== Instructions to follow ==
Leaving the images behind, copy every line of the records exactly.

[Short text fragments from websites]
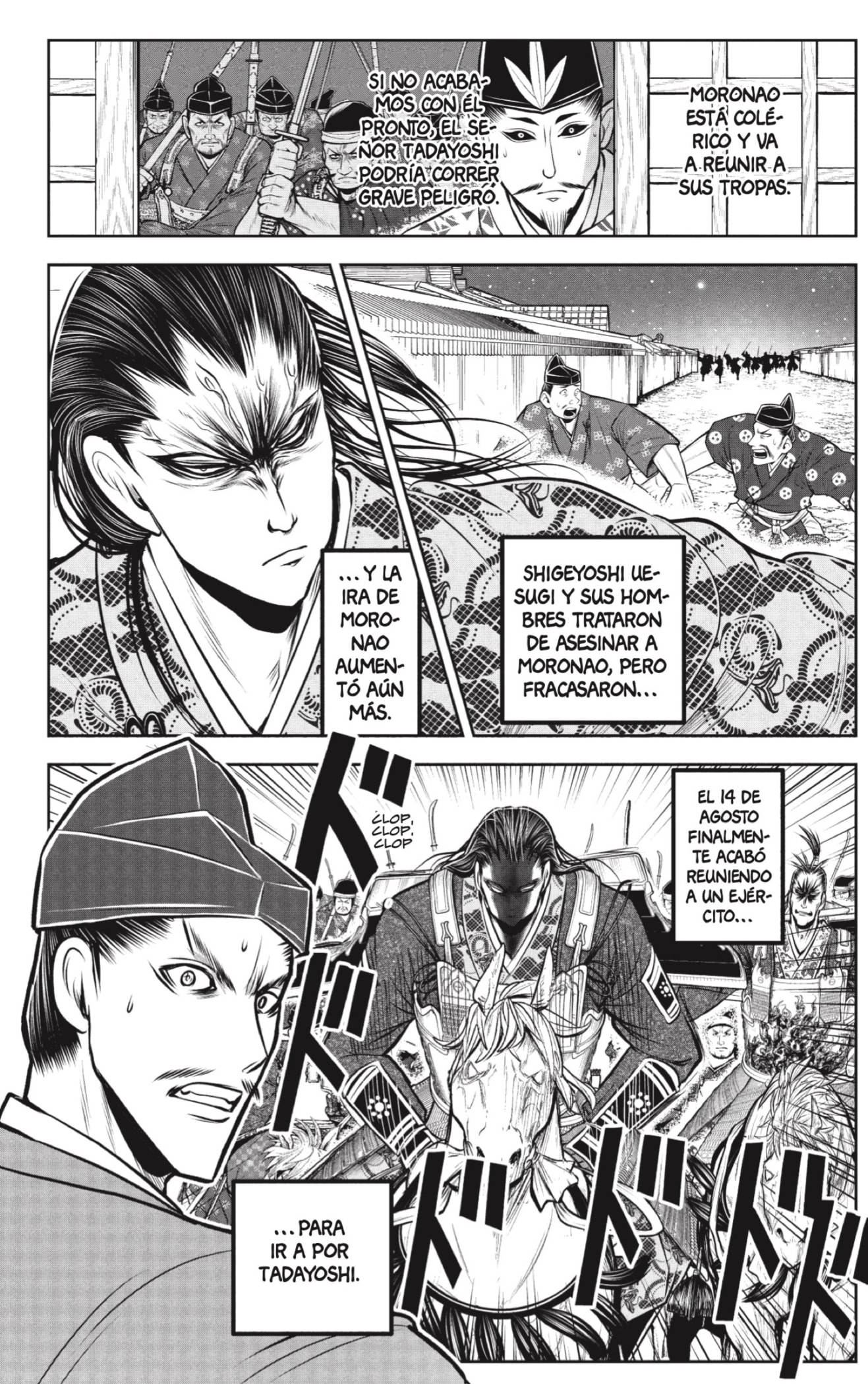 Read Nige Jōzu no Wakagimi ES Manga Online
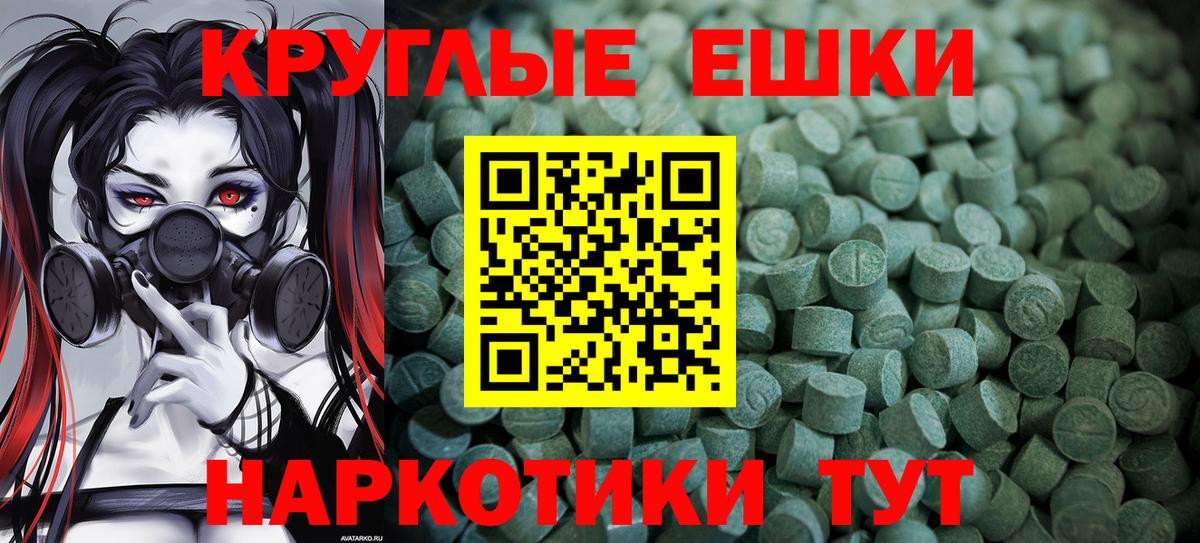 Экстази TESLA Мичуринск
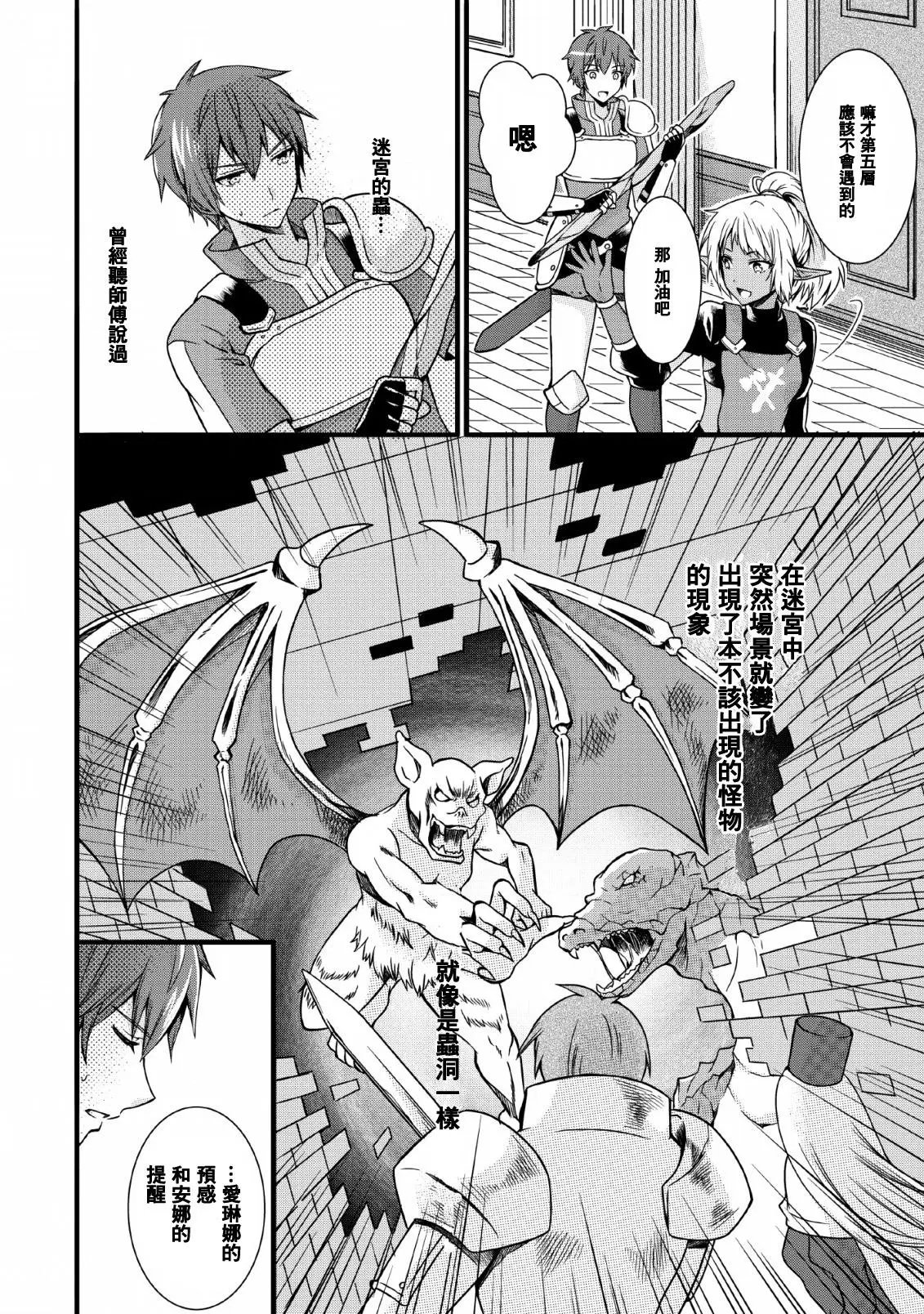 第06话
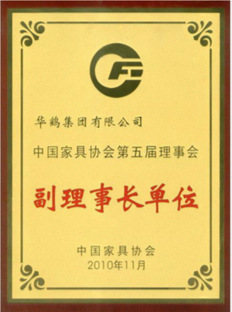 中国家具协会第五届理事会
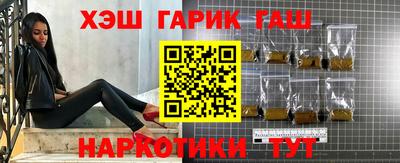 герыч Бузулук
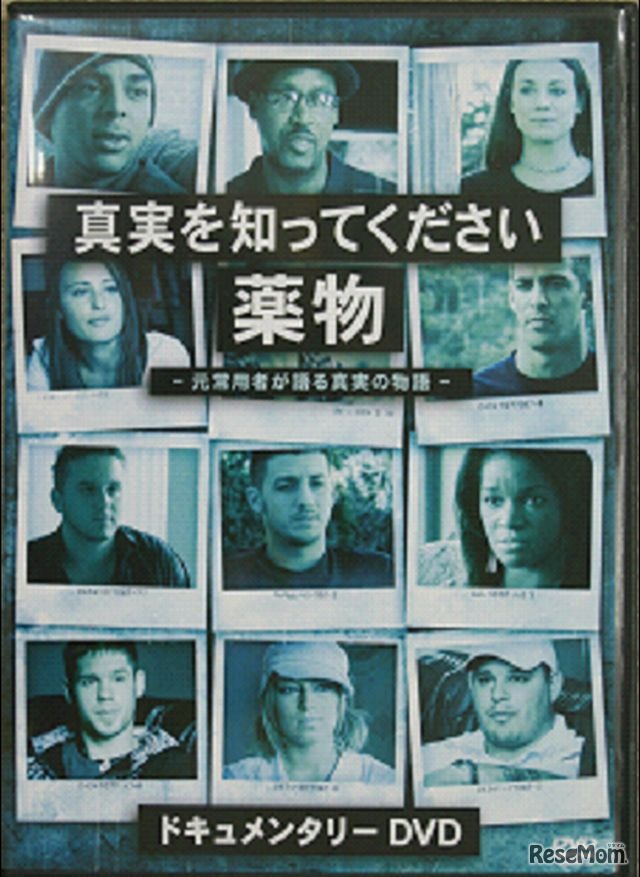 「薬物の真実」DVD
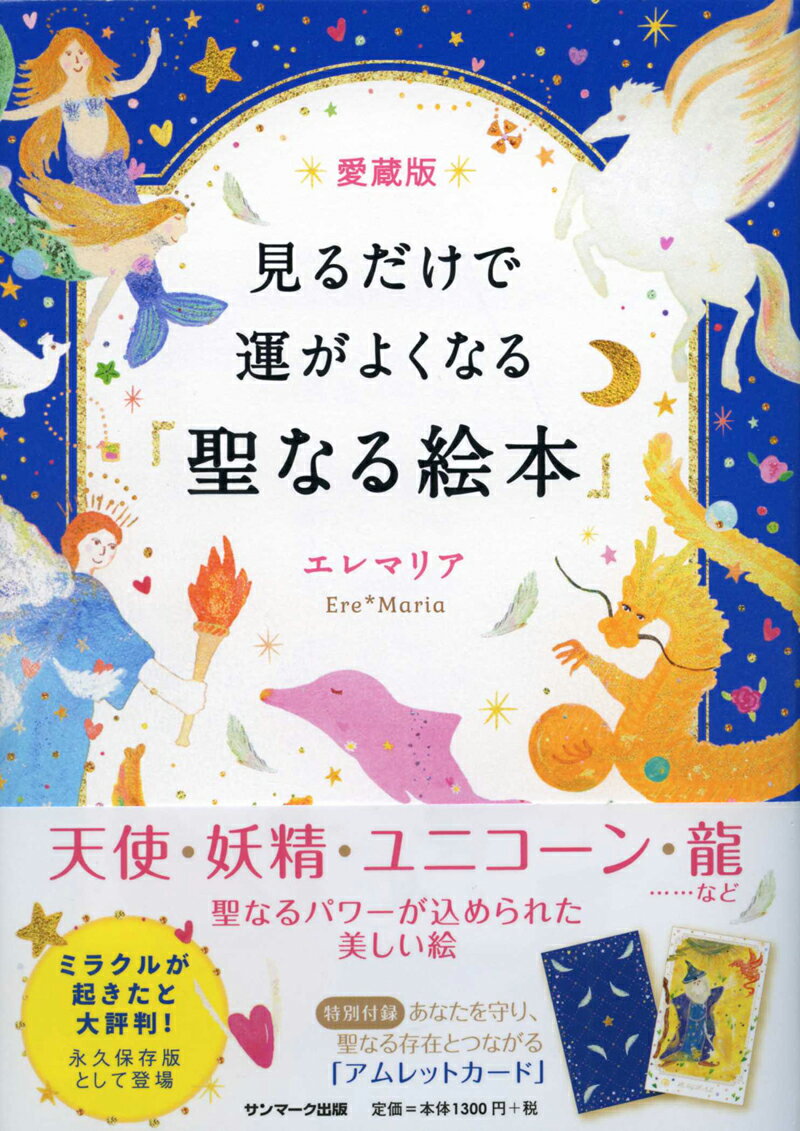 エレマリア サンマーク出版ミル ダケデ ウン ガ ヨクナル セイナル エホン エレ マリア 発行年月：2016年11月 ページ数：189p サイズ：単行本 ISBN：9784763135919 付属資料：カード1 エレマリア エンジェリック・ヒーリングエナジーアーティスト＆ヒーラー（本データはこの書籍が刊行された当時に掲載されていたものです） 天使／妖精／龍／鳳凰／ペガサス／ユニコーン／イルカ／人魚／女神 天使・妖精・ユニコーン・龍…など、聖なるパワーが込められた美しい絵。特別付録・あなたを守り、聖なる存在とつながる「アムレットカード」。 本 人文・思想・社会 心理学 超心理学・心霊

== Output ==
 Read Nige Jōzu no Wakagimi ES Manga Online
 Экстази TESLA Мичуринск
 第06话
 中国家具协会第五届理事会
 герыч Бузулук
 「薬物の真実」DVD
 エレマリア サンマーク出版ミル ダケデ ウン ガ ヨクナル セイナル エホン エレ マリア 発行年月：2016年11月 ページ数：189p サイズ：単行本 ISBN：9784763135919 付属資料：カード1 エレマリア エンジェリック・ヒーリングエナジーアーティスト＆ヒーラー（本データはこの書籍が刊行された当時に掲載されていたものです） 天使／妖精／龍／鳳凰／ペガサス／ユニコーン／イルカ／人魚／女神 天使・妖精・ユニコーン・龍…など、聖なるパワーが込められた美しい絵。特別付録・あなたを守り、聖なる存在とつながる「アムレットカード」。 本 人文・思想・社会 心理学 超心理学・心霊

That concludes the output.